- What the task asks -
Once you find the line below that contains "2019 Volkswagen Tiguan", write it out along with every later line exactly as given, stopping only when the records end. Omit the pictures.

= = =

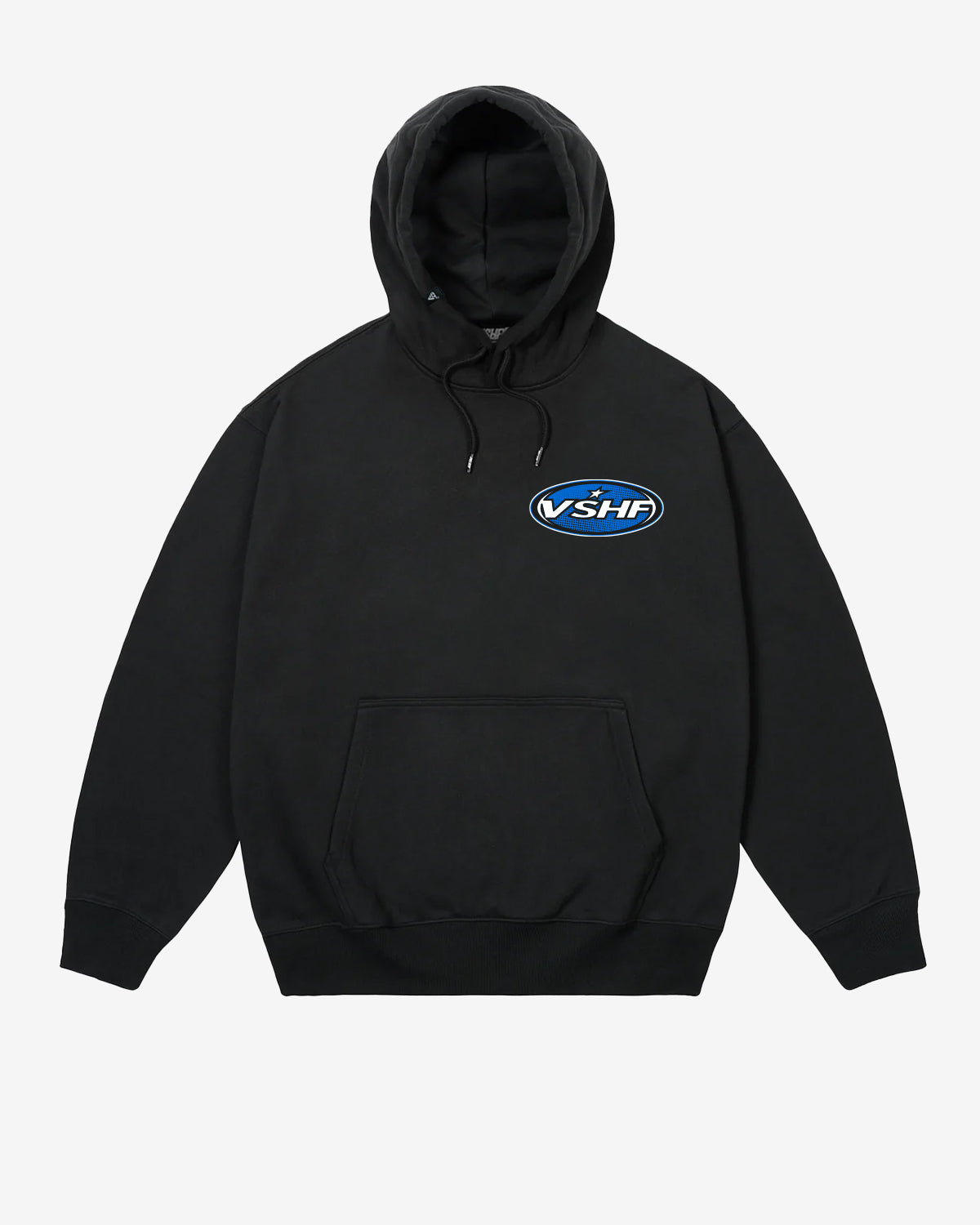 HOODIE VSHF BLACK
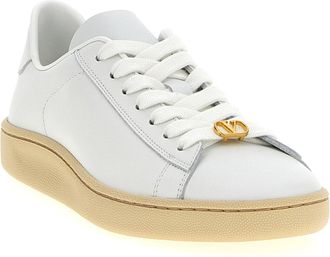 Valentino Garavani Royco Sneaker - White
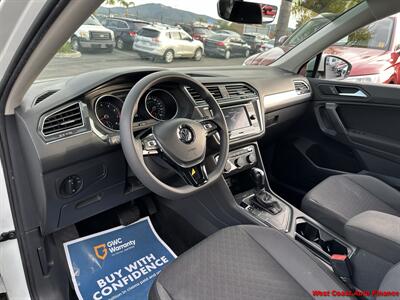 2019 Volkswagen Tiguan S  w/Bk Up Camera - Photo 6 - San Marcos, CA 92078
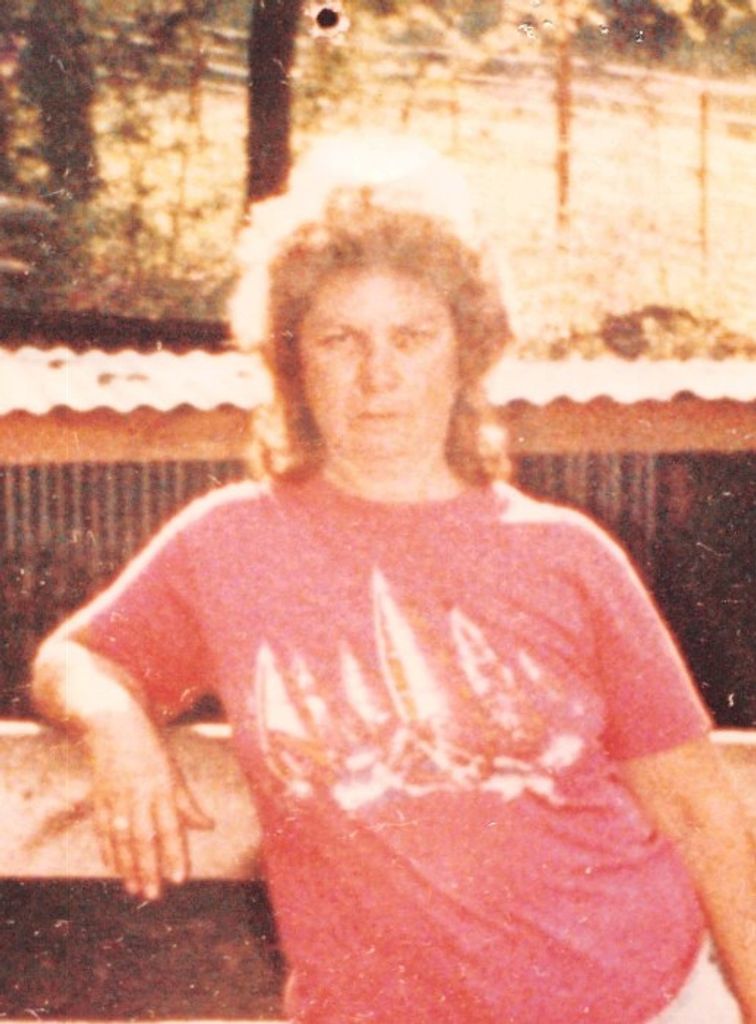 Jackie Lilley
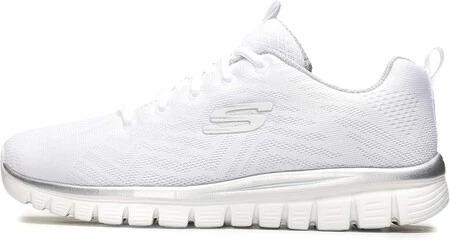 Skechers Blancas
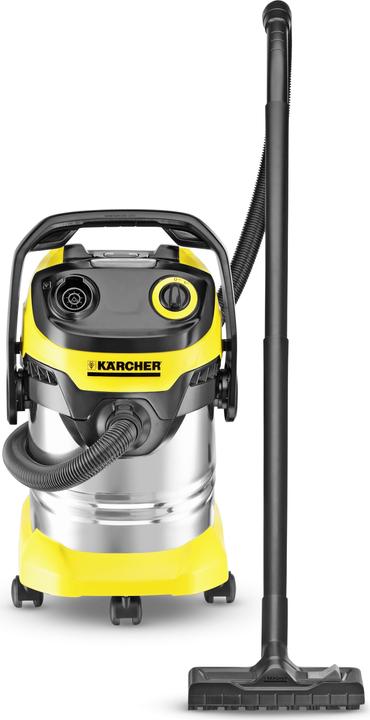 Image du produit Kärcher WD5 Premium (Aspirateur eau et poussière)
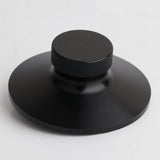 Maxbell Maxbell Record Weight Disc Stabilizer High Precision for player Turntables Chassis Black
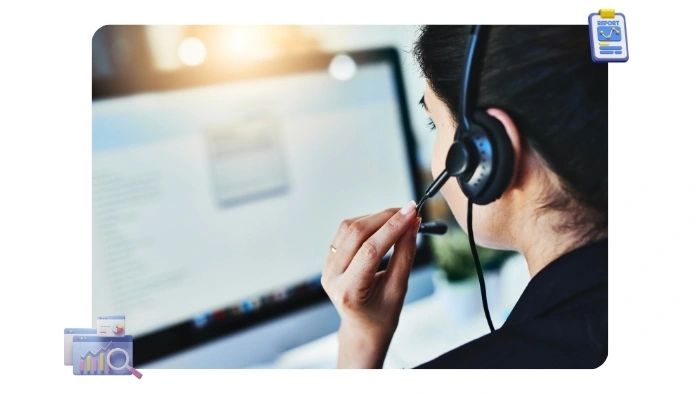 outbound call center services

= = =

- Solved exercise -
 2019 Volkswagen Tiguan S  w/Bk Up Camera - Photo 6 - San Marcos, CA 92078
 Jackie Lilley
 Skechers Blancas
 Image du produit Kärcher WD5 Premium (Aspirateur eau et poussière)
 Maxbell Maxbell Record Weight Disc Stabilizer High Precision for player Turntables Chassis Black
 outbound call center services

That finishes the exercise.